The Royal Canal begins out in county Longford and wends it way eastwards across country before disgorging itself into Spencer Dock in Dublin. Footpathed throughout, its nature changes throughout its long journey, from the grey arctic tundra of Westmeath to the vast sprawling metropolis of Leixlip; from the hot, burning deserts around Mullingar to the blighted lunar landscape of Clonsilla. But nowhere is its magic more apparent than where it traverses the M50.
This world-renowned, yet paradoxically little-known, aqueduct is steeped in ancient lore and legend, half-lost through the mists of time, and shrouded in myths and fable. It is mentioned in the millennia-spanning “Annals of Castleknocke” where it is represented on an illuminated map as crossing “The Emme Fiftye,” bearing the legend “Here be Dragons and Snarkletworps.” Nobody is terribly sure what a Snarkletworp is, but the general consensus of learned opinion is that they are unlikely to be cute and fluffy.
This is the place where Chu Chulainn is said to have fought the mighty Slug of Ashtown, a fearsome and vicious creature nearly four inches in length. For three days the battle raged before Chu Chulainn squashed him underfoot. At the place where he died, a magical fire hydrant is said to have sprouted, the remains of which can still be seen today.
This is not the only evidence of an ancient past groping through the centuries to greet us. Runic inscriptions abound on the imposing stone pillars surrounding the aqueduct and give us a glimpse of life two thousand years ago. There are references to a mysterious “Wacker,” who apparently “was here,” and further down there are bawdy references to the sexual activities of the goddess of fertility, “Shazza.” There have been a few doubts raised in the academic world concerning the authenticity of these inscriptions, on the grounds that they are “done in marker” but most archaeologists are satisfied that they are genuine.
That our forefathers were attracted to this place is beyond dispute.

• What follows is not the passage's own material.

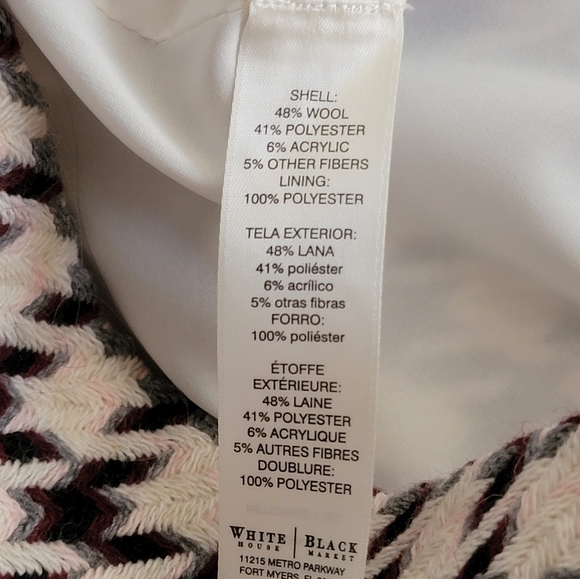 White House Black Market Wool Houndstooth Side Zipper Career Work Mini Skirt 4 - Picture 8 of 11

Charred circles are still visible where the four elements of earth, water, air and fire were summonsed in a magical incantation to pagan gods. Worshippers were encouraged to imbibe a strange, amber liquid called Dutch Gold, which they believed gave them terrifying powers. And in one of the great archaeological finds of the twentieth century, a bag of chips was unearthed, perfectly preserved and still as soggy as the day they were discarded.
After the demise of the Celts, the area remained hidden to the human eye until re-discovered by the legendary Scottish explorer, Doctor Livingstone, in 1829. Armed only with four thousand native troops, several camels and a teddy bear named Poops, Livingstone pushed through the dense undergrowth around the Little Chef, and thus became the first modern man to view the “water-bridge” as he called it.
“In all my years,” he later wrote, (in his seminal work “Travels to Darkest Mulhuddart,”) “I never did see a more enchanted place. Except maybe the Angel Falls in Venezuela. And the Rift Valley in East Africa. And the Yangste Kiang. And possibly Bray Head. And several other places.”
Tour companies were quick to cash in on Livingstone’s discovery. A young Thomas Cook, advertising in “Ye Buy and Selle,” promised prospective tourists “a trip to the bounds of your imagination, a cacophony of sounds to bleed your very ears.” Very soon, the banks of the Canal were awash with hordes of exuberant Japanese tourists posing excitedly by the lock gates and doing quick watercolour sketches of each other.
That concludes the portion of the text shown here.